門扉など製品になった時、使用上違いはないのですが、見た目に多少違いがありますので、ロートアイアン 、アルミ鋳物とロートアルミの3つについて、簡単に解説したいと思います。
ロートアイアン・アルミ鋳物・ロートアルミは、製法を表した言葉です。
まず、製法の違いを説明しますと、ロートアイアンは、ヨーロッパの伝統工芸である鉄を熱してハンマー等で叩き圧力を加える鍛造の手法。近代のロートアイアンは、SS400(一般構造用圧延鋼材)の鋼材を電気溶接で接合、組み立てる手法を取り入れて、ヨーロッパの伝統的なデザインを継承しています。溶接設備の進化と、ヨーロッパから輸入したパーツの使用や、パイプ材を採用したりと製作時間を短縮できる工夫を重ねてきました。
それでもロートアイアンは、一点一点作るので量産には不向きで時間がかかります。さらに、錆が発生しこまめなメンテナンスが必要というデメリットもあります。
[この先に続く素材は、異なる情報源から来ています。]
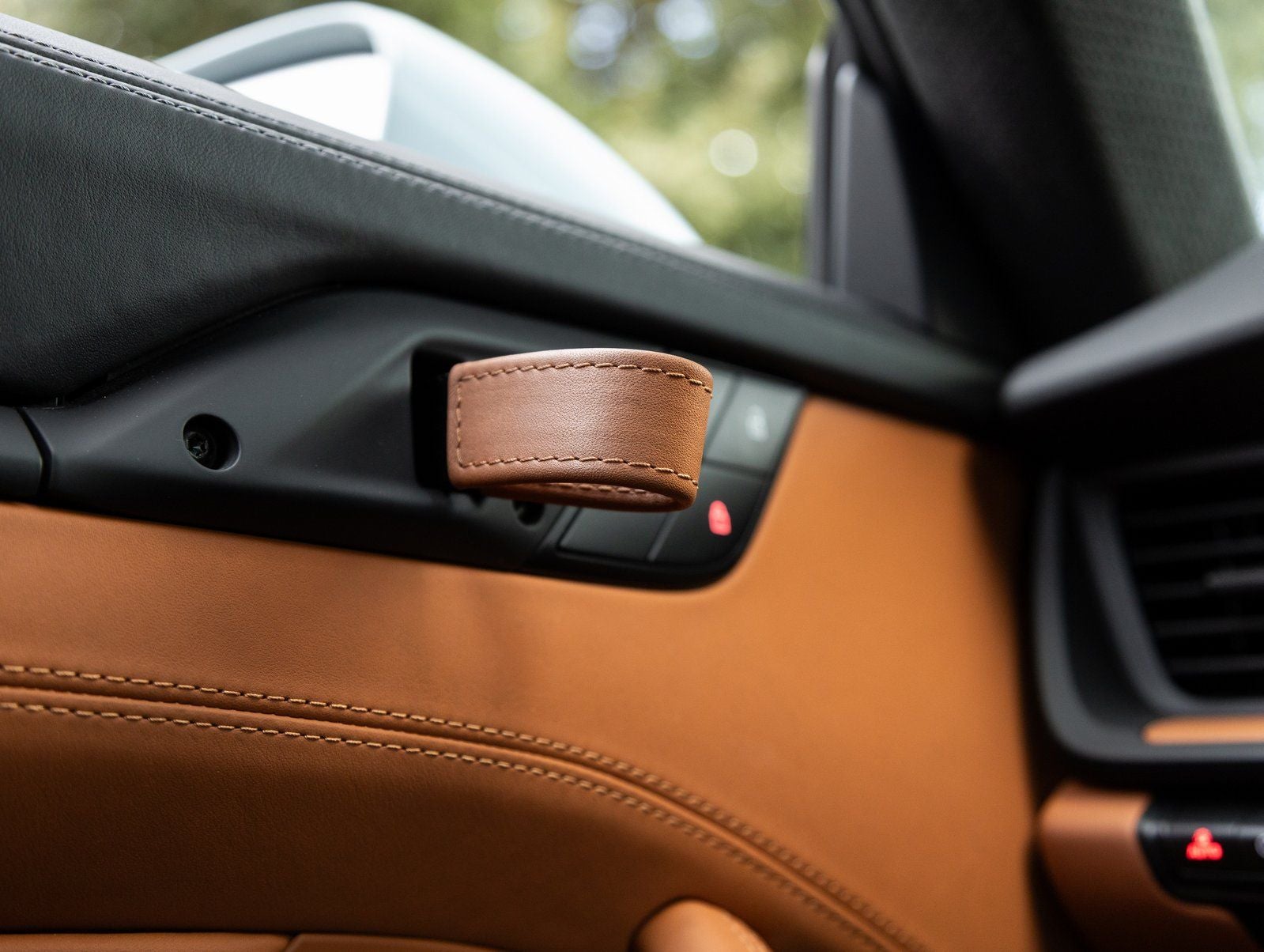 2024 Porsche 911 S/T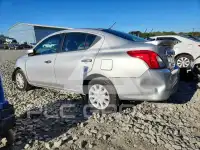 2019 Nissan VERSA фото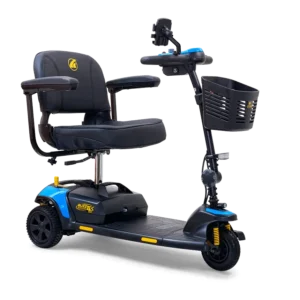 Buzzaround XLS HD 3-Wheel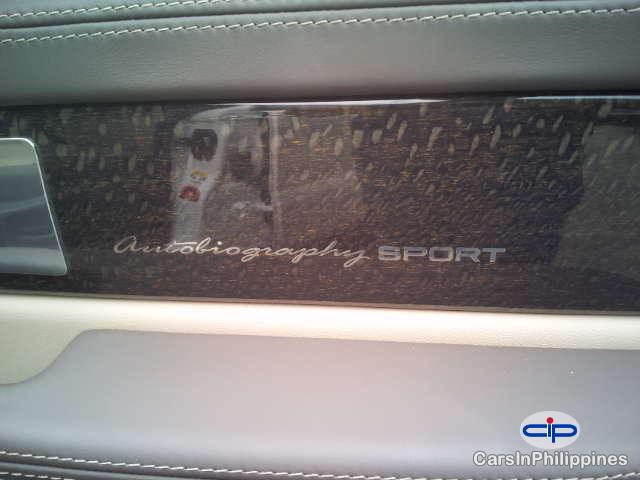 Land Rover Range Rover Automatic in Cavite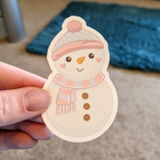 Etsy customer review photo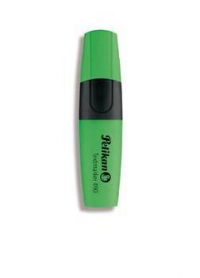 Textmarker 490, verde, Pelikan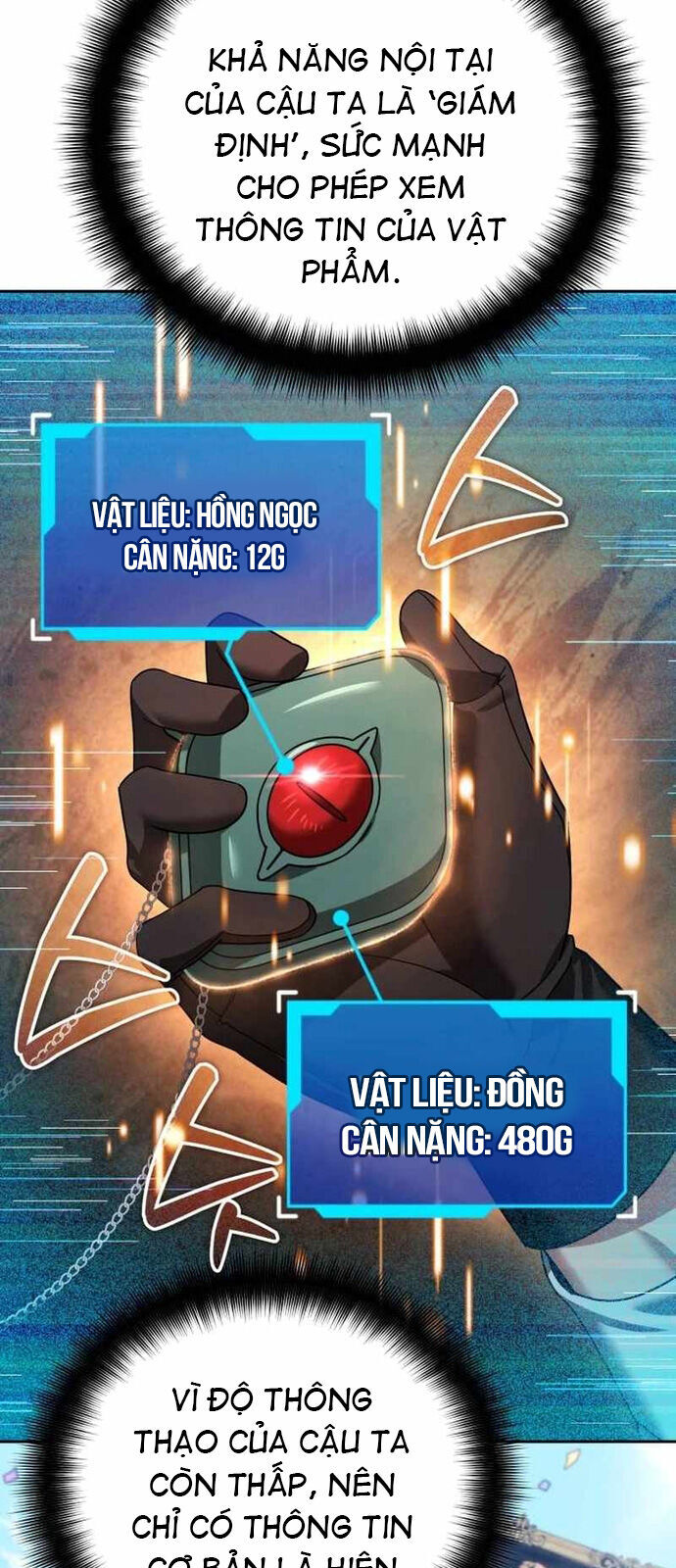 Bản Ngã Thay Đổi Chap 25 - Next Chap 26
そして高度成長期に、型を使い量産ができる「アルミ鋳物」がアルミメーカーに採用され、ロートアイアン風デザインの門扉やフェンスが発売され普及しました。また、ロートアイアンの製法をそのままに、鋼材を鉄からアルミに変え、設計寸法の自由度がある1点もので錆がでない、ロートアイアンのデメリットを解消した「ロートアルミ」も登場しました。
最近は、錆の出ないアルミがエクステリア商品での主流になっています。
アルミ鋳物とロートアルミは、あくまで製法の違いでした。
次に、見た目上の違いを説明しますと、それは表面の質感です。
ロートアルミはフラットな鋼材のツルッとした表面、アルミ鋳物は、砂型のざらっとした表面に仕上がっています。あとは、ロートアルミは溶接で組み立てるため、溶接痕(ビート)があります。
その他の違いで大きいのは、ロートアルミは、パイプ材が使用できるので、鋳物と比べ重量を軽く抑えることができます。
■ロートアルミ・アルミ鋳物の違い
ロートアルミ |
アルミ鋳物 |
|
重さ |
パイプ材が使用により重さは、 |
型にアルミを流し込む無垢製品 |
質感 |
フラットな鋼材のツルッとした表面 |
鋳型のざらっとした表面 |
形状 |
大ぶりで立体感がある装飾 |
細かいパターンの装飾 |
サイズ等 |
デザイン・サイズとも一点一点設計 大型の扉も設計可能 |
一点ものもの可能だが高価。量産向き |
既製品では |
型材門扉(中空材) |
鋳物門扉 |
仕上げは、ロートアルミ・アルミ鋳物とも塗装仕上げをします。
ロートアルミは、基本ツルッとした表面ですが、塗装でサテン仕上げにして凹凸をつけることもできます。